[About this exercise]
Return each line of the records below that contains the word "Image".

**** The data

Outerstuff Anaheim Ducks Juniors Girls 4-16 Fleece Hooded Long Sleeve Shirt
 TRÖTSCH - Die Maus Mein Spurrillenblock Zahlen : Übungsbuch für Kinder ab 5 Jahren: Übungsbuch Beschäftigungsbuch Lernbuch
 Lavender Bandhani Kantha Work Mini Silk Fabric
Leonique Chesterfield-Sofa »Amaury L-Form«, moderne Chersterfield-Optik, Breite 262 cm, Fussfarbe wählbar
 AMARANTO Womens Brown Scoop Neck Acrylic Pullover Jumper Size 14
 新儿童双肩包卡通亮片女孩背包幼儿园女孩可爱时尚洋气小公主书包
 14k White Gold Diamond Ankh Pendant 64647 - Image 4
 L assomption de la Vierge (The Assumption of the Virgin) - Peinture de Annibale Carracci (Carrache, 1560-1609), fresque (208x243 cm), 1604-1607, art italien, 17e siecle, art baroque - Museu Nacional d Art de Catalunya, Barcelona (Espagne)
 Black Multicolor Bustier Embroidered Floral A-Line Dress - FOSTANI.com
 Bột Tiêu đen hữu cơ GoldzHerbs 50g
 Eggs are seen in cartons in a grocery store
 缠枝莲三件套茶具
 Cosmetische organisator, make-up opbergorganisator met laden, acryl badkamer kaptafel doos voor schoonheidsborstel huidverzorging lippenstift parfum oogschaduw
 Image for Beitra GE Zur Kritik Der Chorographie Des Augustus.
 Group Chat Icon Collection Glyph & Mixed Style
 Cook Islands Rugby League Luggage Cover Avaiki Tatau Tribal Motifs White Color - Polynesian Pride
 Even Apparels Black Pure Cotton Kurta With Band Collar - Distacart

********

[Response for this exercise]
 14k White Gold Diamond Ankh Pendant 64647 - Image 4
 Image for Beitra GE Zur Kritik Der Chorographie Des Augustus.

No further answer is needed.